■ What to work on: Without including any images, please transcribe all the lines below exactly.

···

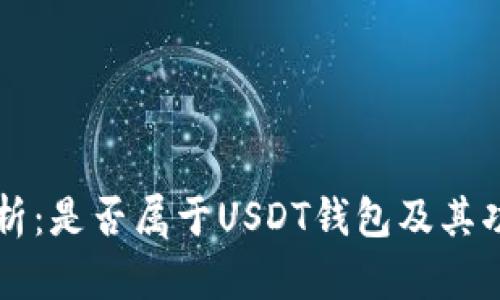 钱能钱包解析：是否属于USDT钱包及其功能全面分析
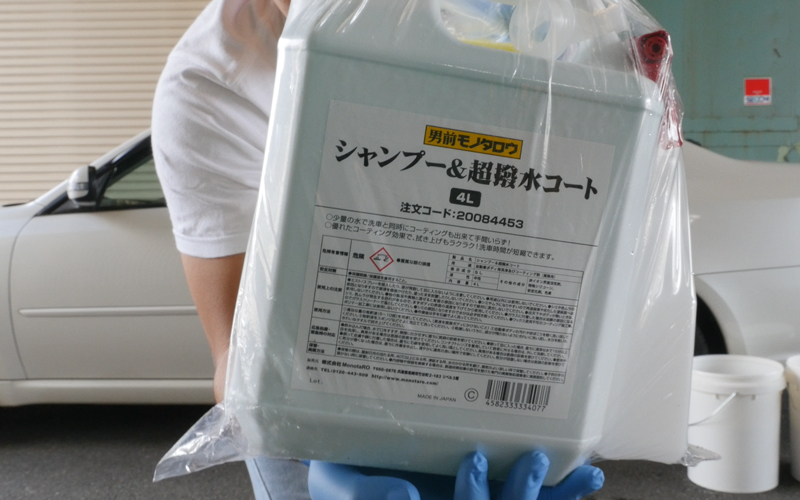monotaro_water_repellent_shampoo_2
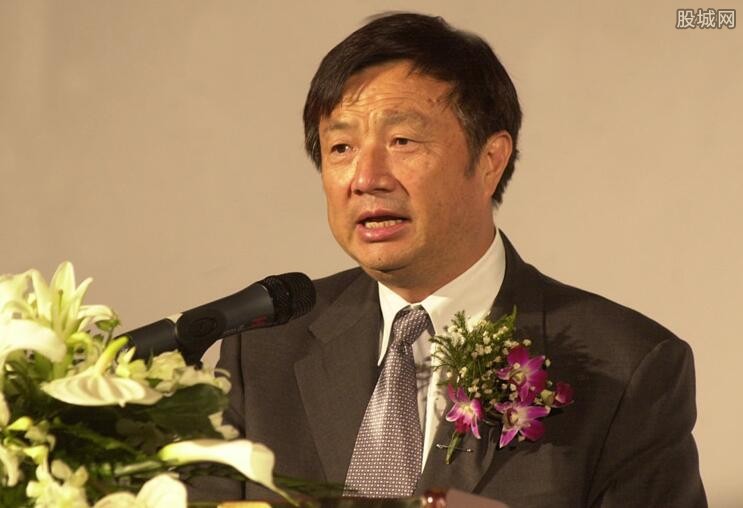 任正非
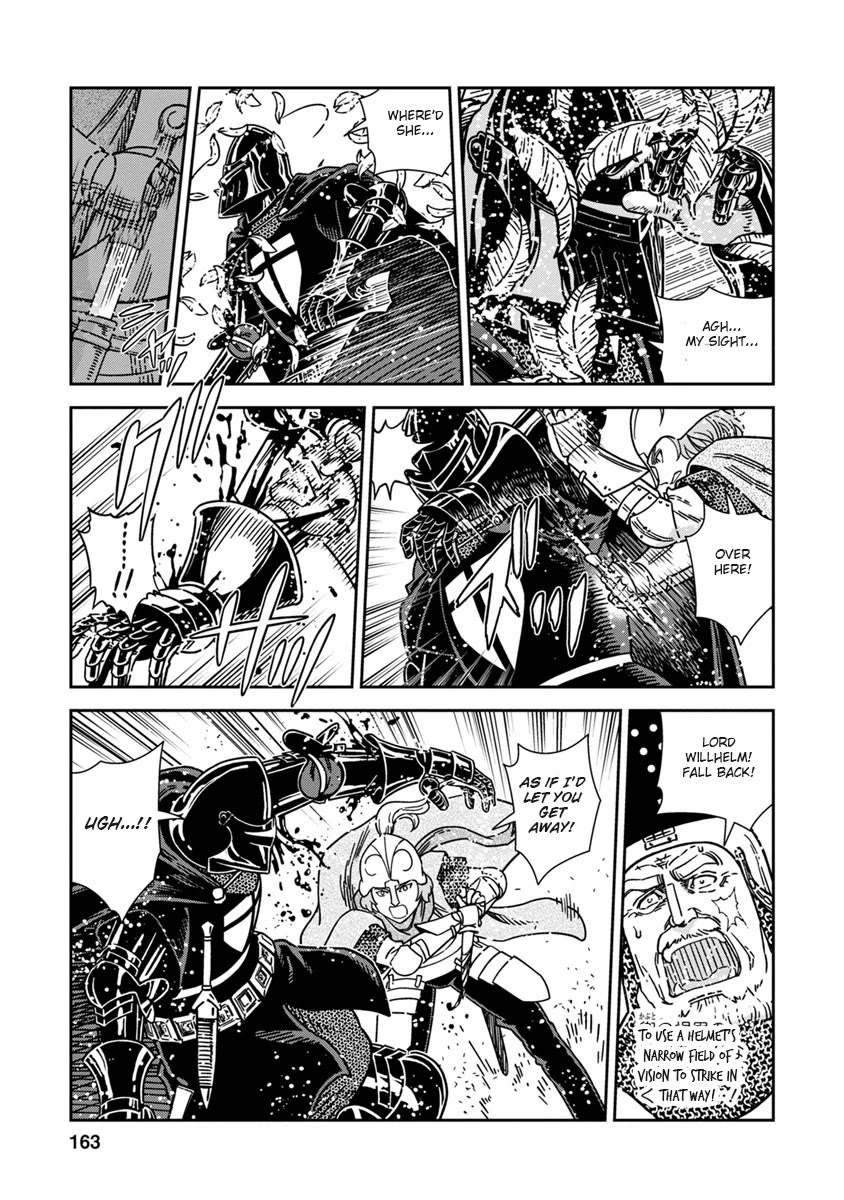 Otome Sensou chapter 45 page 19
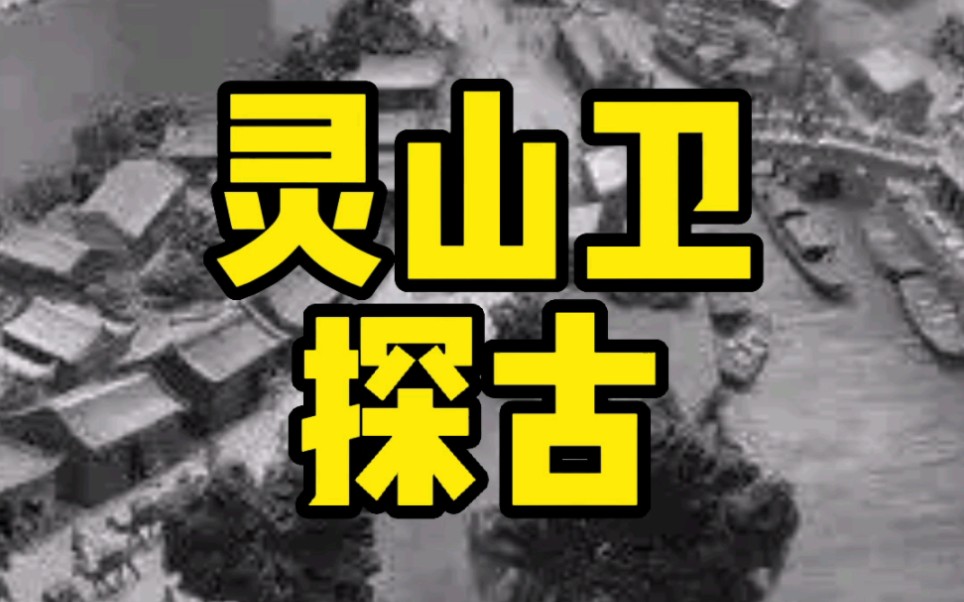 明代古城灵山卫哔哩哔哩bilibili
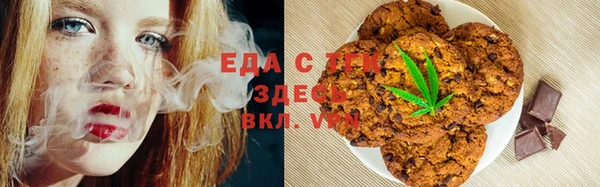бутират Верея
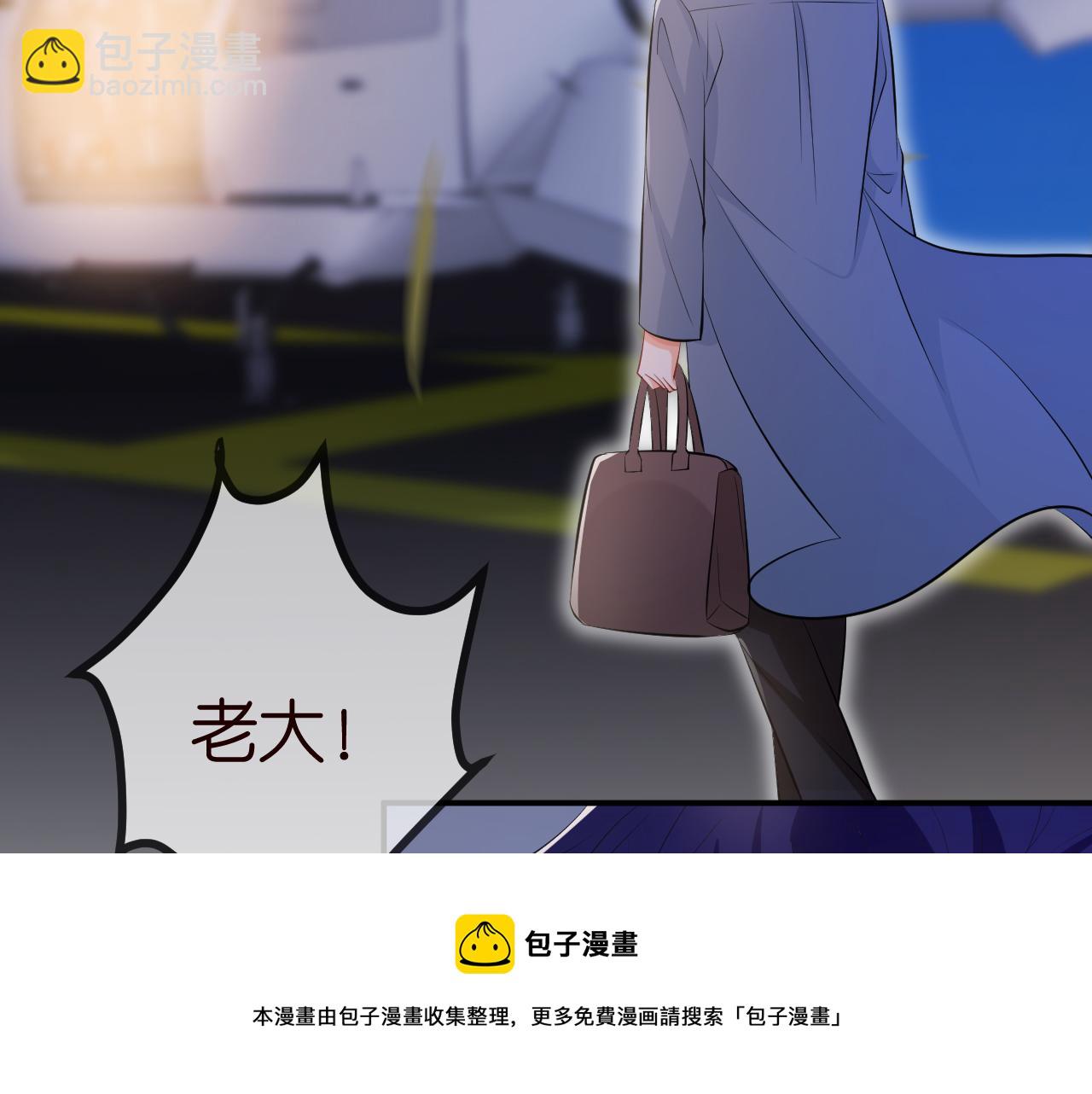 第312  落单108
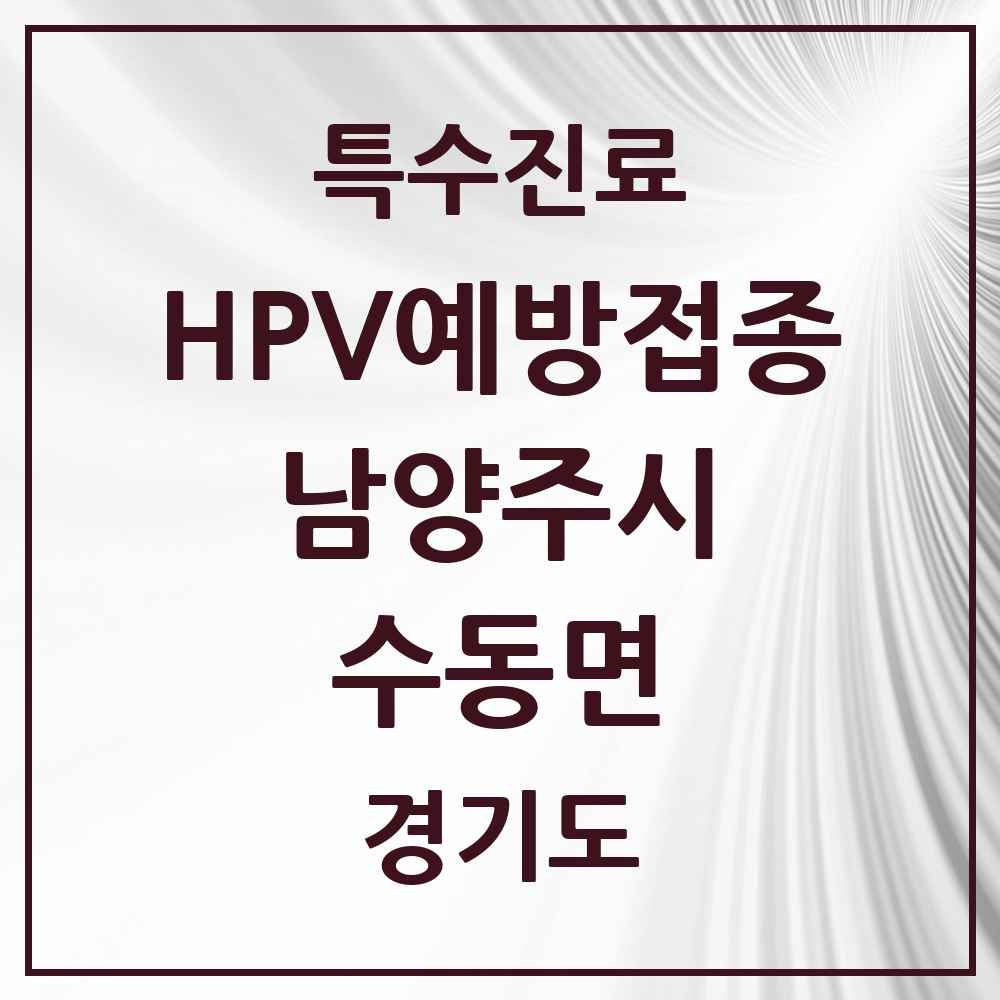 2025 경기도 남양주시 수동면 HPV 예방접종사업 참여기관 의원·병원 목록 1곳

···

■ Problem solution:
 钱能钱包解析：是否属于USDT钱包及其功能全面分析
monotaro_water_repellent_shampoo_2
 任正非
 Otome Sensou chapter 45 page 19
 明代古城灵山卫哔哩哔哩bilibili
бутират Верея
 第312  落单108
 2025 경기도 남양주시 수동면 HPV 예방접종사업 참여기관 의원·병원 목록 1곳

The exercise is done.